Tissue morphogenesis is an emergent phenomenon: macroscopic structures cannot be predicted from a mere list of genes and cells. We examine here how digits arise from a spherical limb bud and present a framework linking microscopic cellular behavior to morphogenesis. To extract digit morphogenesis in vitro, we created a limb-mesenchyme organoid that breaks symmetry and forms digit-like cartilage. Analyzing cell behavior, iterating between experimental evidence and cellular-based models, shows that microscopic mechanisms like differential adhesion between distal and proximal autopod cells, chemotaxis toward Fgf8b, and biased traction can drive tissue-wide deformations by convergent extension that eventually lead to the formation of digit structures.
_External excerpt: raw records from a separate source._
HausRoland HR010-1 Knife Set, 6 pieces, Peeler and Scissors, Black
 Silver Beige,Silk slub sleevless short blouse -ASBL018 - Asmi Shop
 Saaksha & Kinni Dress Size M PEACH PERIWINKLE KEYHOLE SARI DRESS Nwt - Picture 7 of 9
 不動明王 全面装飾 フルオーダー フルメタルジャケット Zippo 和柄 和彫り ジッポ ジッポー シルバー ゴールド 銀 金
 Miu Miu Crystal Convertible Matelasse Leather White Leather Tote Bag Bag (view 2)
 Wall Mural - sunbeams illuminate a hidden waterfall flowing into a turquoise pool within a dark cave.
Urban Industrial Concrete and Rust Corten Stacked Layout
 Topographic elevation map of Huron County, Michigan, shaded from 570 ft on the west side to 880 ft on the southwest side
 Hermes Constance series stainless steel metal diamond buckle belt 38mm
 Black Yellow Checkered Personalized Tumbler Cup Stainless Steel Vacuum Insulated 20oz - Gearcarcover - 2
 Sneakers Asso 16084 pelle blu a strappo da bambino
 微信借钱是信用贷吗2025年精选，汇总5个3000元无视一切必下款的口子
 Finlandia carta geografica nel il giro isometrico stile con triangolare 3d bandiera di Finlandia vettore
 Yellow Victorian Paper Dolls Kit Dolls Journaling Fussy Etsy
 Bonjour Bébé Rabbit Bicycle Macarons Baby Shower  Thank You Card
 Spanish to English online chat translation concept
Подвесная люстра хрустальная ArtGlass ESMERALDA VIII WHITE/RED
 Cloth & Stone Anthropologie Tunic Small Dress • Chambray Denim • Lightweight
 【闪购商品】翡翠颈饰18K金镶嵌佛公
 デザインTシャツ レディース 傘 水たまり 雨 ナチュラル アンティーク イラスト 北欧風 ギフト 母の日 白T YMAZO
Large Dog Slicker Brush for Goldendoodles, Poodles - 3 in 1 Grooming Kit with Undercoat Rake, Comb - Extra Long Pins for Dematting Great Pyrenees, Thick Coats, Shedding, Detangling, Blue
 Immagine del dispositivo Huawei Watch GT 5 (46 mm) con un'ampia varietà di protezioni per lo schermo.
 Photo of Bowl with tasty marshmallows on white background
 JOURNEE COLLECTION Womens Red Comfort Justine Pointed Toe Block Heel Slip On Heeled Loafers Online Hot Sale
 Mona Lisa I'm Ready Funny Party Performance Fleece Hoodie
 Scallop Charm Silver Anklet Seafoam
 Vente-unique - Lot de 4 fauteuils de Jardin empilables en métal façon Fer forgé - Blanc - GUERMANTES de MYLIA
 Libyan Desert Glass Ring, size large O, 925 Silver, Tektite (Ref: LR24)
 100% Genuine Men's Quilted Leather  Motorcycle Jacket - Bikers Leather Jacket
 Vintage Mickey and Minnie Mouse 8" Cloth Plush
Taking the continuum limit of these microscopic rules yields a modified Cahn–Hilliard equation, that is well known to describe fluid interfaces and so-called fingering instabilities, but that is shown here to recapitulate well organoid morphogenesis. Taken together, this work suggests that the emergence of “fingers” can be explained in a theoretical framework as a type of fingering instability.